Wednesday, April 26, 2000
Mayor for recreation fund boost
By Walt Schaefer
The Cincinnati Enquirer
NORWOOD Mayor Joe Hochbein will recommend approval of a supplemental appropriation of $54,500 for recreation programs.
The request from the city's recreation department follows scrutiny of the commission's budget after an initial appropriation from council of $215,000 $85,000 less than requested.
Last week, Councilman Mike Fulmer, chairman of council's committee overseeing recreation, and some recreation commission members, expressed concerns about maintaining programs with such a t slash in funding.
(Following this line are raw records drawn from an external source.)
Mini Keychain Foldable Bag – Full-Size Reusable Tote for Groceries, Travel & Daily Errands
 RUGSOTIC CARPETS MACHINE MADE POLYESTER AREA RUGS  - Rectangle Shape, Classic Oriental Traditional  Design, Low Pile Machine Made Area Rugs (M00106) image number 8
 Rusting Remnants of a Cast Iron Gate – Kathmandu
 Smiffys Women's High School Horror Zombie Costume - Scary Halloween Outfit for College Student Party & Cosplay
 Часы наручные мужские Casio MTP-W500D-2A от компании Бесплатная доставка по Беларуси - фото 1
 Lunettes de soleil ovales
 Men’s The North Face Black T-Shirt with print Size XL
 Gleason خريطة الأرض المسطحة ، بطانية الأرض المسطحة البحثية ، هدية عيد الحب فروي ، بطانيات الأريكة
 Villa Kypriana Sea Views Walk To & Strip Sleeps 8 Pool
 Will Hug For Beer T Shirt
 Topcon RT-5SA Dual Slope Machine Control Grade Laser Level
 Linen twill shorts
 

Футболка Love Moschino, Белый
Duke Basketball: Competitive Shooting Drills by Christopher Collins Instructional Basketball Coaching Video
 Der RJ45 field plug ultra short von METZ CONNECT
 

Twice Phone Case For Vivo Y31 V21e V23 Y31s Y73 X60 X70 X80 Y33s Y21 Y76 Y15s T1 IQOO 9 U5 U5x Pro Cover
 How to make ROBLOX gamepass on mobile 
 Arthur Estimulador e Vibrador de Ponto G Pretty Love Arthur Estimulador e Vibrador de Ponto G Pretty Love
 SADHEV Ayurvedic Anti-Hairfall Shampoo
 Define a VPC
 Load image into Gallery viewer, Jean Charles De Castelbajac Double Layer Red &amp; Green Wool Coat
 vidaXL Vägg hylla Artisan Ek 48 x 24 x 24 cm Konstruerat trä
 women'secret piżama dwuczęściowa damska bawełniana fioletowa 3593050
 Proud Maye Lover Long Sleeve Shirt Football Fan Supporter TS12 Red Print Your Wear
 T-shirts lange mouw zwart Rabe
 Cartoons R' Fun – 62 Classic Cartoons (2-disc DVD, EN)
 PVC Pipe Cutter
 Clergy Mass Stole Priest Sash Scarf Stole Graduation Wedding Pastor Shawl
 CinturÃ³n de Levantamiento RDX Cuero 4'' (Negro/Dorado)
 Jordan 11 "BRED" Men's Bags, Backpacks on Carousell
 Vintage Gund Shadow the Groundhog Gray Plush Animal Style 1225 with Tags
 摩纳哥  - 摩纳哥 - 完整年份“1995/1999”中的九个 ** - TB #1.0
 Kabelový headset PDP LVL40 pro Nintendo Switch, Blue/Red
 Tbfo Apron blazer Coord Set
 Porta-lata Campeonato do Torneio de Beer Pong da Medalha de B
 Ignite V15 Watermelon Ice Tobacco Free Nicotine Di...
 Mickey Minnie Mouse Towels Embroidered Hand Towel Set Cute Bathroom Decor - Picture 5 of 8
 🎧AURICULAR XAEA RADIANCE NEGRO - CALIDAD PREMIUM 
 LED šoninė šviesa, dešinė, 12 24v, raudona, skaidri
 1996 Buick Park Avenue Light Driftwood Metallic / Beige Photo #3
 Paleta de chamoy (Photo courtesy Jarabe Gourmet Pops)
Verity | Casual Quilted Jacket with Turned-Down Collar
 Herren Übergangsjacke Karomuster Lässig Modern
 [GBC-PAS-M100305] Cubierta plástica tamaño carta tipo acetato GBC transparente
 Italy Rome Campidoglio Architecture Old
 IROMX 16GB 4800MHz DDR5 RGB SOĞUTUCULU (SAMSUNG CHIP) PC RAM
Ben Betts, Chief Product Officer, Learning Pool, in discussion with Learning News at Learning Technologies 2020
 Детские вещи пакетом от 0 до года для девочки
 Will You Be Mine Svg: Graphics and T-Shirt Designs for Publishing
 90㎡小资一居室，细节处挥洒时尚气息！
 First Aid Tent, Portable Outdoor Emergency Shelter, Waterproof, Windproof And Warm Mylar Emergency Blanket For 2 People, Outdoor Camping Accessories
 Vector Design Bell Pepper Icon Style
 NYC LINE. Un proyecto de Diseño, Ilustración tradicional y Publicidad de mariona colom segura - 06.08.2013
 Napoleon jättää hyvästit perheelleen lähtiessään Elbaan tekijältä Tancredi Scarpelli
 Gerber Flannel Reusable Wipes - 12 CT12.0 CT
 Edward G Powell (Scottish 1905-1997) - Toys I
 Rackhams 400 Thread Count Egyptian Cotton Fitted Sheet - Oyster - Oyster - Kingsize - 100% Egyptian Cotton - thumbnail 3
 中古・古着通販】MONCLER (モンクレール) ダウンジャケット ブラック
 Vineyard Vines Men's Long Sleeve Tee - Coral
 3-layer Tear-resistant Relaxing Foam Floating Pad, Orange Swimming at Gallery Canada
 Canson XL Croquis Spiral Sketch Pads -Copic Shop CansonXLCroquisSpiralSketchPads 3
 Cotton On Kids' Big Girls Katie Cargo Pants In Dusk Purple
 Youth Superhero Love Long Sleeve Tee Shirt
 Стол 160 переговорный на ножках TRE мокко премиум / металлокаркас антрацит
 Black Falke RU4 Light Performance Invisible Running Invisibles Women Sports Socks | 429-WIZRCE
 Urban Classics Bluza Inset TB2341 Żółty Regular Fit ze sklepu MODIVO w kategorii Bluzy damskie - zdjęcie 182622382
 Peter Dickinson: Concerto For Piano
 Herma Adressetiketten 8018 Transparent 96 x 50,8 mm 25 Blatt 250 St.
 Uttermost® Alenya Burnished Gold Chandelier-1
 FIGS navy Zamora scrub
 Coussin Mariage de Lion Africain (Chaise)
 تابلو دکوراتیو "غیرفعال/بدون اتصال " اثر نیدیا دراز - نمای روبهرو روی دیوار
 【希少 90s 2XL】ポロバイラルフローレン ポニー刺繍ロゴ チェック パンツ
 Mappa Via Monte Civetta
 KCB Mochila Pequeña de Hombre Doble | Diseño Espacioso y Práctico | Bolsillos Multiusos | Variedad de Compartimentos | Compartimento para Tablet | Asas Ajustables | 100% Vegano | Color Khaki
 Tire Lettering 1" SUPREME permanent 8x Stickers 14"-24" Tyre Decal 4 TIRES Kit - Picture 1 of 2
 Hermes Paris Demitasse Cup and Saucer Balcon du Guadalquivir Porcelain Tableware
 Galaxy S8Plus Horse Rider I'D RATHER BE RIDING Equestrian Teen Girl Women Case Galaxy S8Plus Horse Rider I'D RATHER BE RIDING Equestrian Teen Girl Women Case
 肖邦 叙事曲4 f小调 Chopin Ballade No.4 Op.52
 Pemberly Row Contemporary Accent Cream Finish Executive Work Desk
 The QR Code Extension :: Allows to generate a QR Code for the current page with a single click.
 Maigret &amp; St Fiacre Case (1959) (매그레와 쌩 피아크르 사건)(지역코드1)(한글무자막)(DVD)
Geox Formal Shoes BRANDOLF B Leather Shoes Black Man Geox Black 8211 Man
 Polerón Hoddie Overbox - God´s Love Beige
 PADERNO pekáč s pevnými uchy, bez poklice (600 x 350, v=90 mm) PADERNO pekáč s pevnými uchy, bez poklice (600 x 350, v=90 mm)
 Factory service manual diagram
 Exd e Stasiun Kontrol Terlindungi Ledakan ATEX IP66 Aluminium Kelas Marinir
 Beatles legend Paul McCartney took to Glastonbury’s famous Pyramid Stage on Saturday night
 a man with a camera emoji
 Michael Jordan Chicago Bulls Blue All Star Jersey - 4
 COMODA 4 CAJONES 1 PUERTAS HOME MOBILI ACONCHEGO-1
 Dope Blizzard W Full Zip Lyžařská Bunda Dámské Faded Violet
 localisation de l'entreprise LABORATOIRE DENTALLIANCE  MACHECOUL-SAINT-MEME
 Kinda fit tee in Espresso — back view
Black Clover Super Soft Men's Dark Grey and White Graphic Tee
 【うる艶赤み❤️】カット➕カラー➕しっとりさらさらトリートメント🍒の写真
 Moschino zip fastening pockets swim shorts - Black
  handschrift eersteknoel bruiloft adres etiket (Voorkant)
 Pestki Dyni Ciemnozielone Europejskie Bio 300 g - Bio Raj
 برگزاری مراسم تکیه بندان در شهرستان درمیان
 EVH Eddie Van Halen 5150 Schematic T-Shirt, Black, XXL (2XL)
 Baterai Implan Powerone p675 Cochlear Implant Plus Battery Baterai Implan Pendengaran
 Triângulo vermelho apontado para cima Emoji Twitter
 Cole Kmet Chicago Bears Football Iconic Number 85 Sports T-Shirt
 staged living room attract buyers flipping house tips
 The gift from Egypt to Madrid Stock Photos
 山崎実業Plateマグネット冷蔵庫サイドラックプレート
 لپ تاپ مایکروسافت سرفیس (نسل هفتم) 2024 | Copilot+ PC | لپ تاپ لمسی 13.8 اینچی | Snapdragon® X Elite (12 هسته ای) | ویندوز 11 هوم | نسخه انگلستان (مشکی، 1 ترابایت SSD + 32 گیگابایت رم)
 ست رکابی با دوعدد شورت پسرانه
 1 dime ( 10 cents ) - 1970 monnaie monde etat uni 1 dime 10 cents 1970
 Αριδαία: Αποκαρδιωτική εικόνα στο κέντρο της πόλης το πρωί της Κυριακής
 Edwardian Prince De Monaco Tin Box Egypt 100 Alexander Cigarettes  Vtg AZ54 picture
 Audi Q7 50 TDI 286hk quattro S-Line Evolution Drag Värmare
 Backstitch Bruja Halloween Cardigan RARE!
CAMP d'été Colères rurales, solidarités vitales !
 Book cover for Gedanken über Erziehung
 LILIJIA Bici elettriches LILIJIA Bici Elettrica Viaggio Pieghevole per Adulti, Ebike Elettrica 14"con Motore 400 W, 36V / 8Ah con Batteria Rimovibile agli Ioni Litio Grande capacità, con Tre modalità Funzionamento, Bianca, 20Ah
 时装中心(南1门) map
If city council approves the supplemental appropriation from the general fund next month, the budget will total $269,000 $31,000 less than the $300,000 originally requested. No programs will be affected.
Jack Cameron, the city's projects coordinator and a member of the recreation commission, said the board, and recreation program director Jennifer Wallace, reviewed the budget and saw no way to maintain programs without more money.
They decided money could be saved by reducing the number of lifeguards from four to three at pools at Burwood and Victory Parks and reducing some pool hours. However, it became apparent drastic measures including closing three neighborhood pools would be required to meet the $215,000 figure, he said.
Other savings will be generated by curtailing minor capital improvements and reducing supplies.
I want to emphasize that while this was a budget issue, it has nothing to do with the city's financial condition, Mr. Hochbein said.
The mayor said statements made by Mr. Fulmer last week that the city's subsidy for recreation would be $4,630 of the original $215,000 appropriation were misleading since the city spends $250,000 a year in work hours directly related to recreation, and spent $250,000 last year in capital improvements to the city's main swimming pool at Waterworks Park.
The mayor agreed with Mr. Fulmer that the annual subsidy from Norwood City Schools is expected to drop from $85,000 to $42,500 this year. Program fees are estimated to generate $168,000 for the year.